§ **Information shown**:
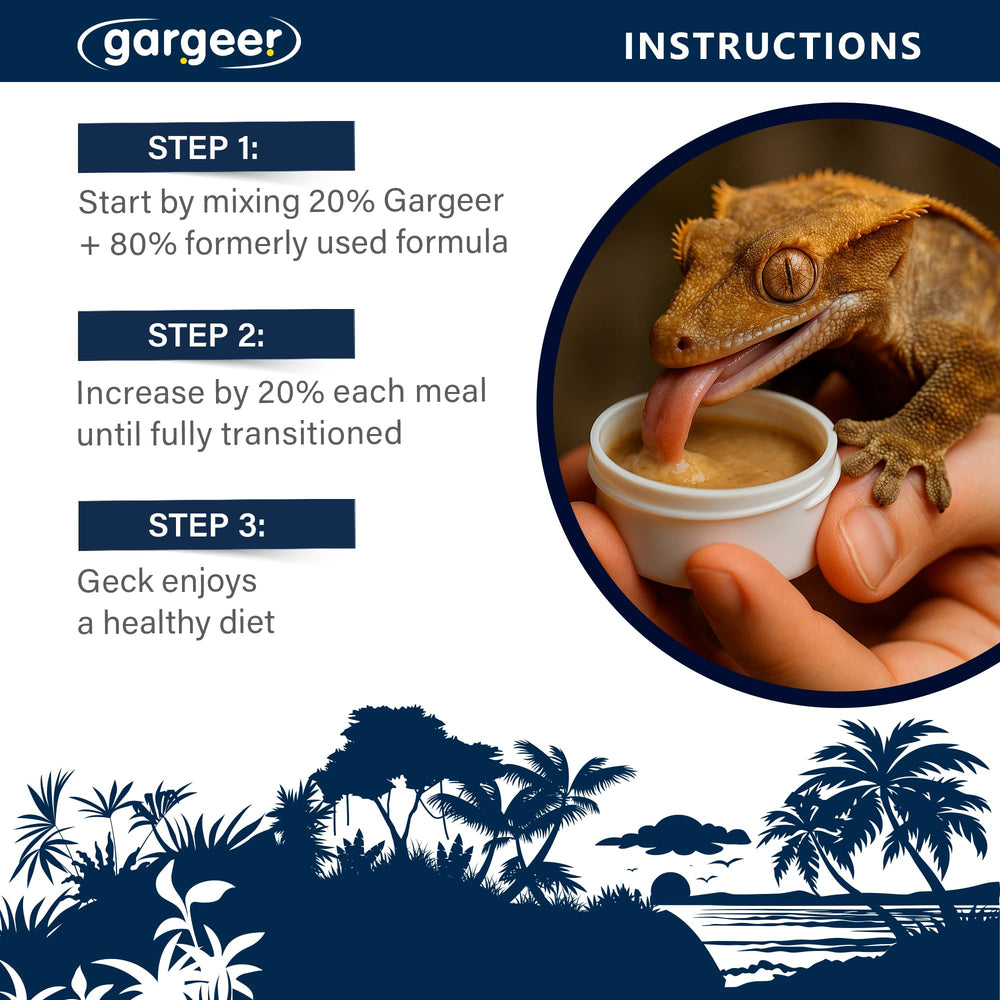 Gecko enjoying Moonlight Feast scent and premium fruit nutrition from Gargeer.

---

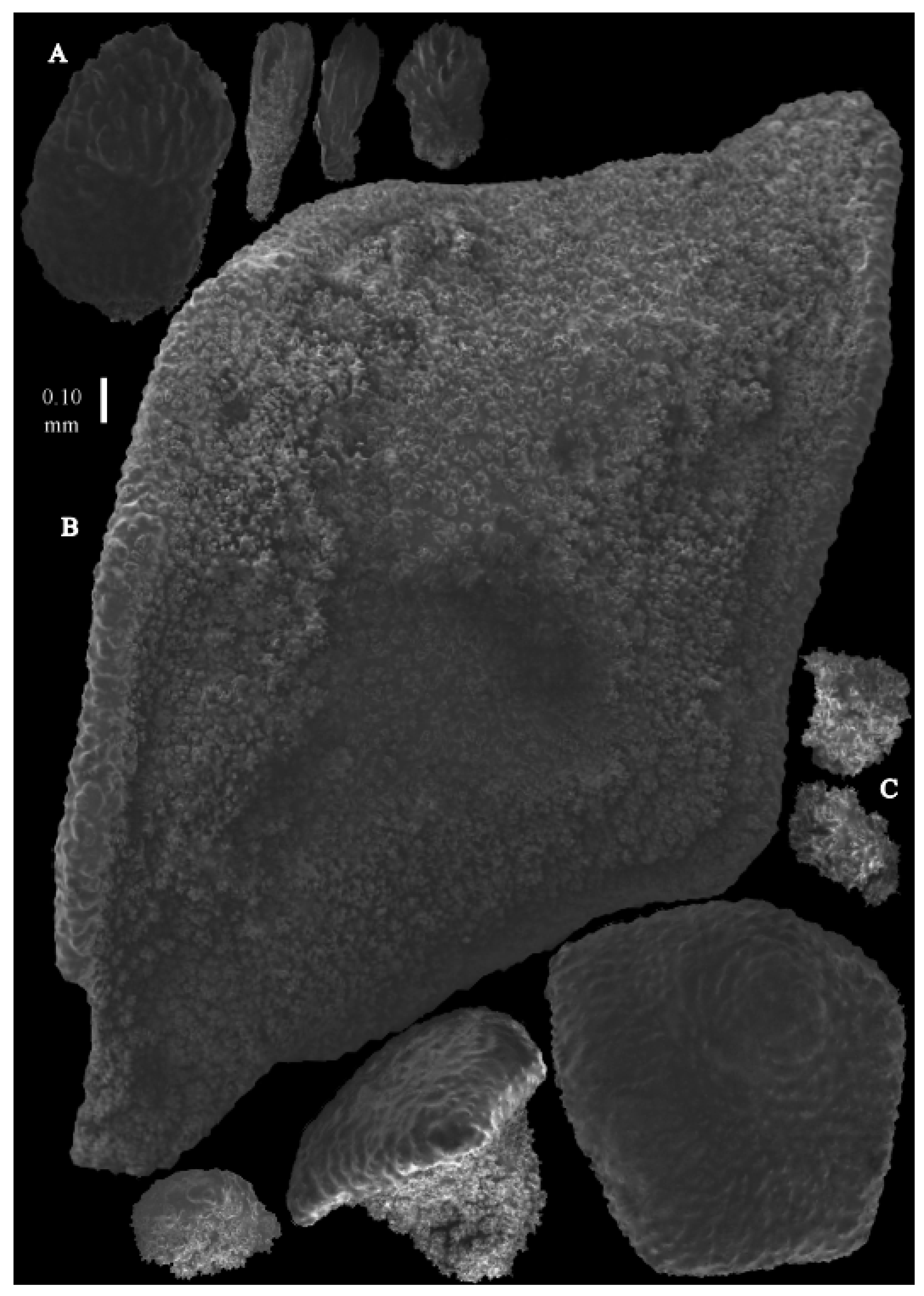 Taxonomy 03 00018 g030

--

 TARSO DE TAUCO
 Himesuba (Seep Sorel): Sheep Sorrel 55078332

§ **Task statement**:
Copy out only the lines above from the one with "TARSO DE TAUCO" to the one with "Himesuba (Seep Sorel): Sheep Sorrel 55078332", inclusive, exactly as they stand.

§ **Solution for this task**:
 TARSO DE TAUCO
 Himesuba (Seep Sorel): Sheep Sorrel 55078332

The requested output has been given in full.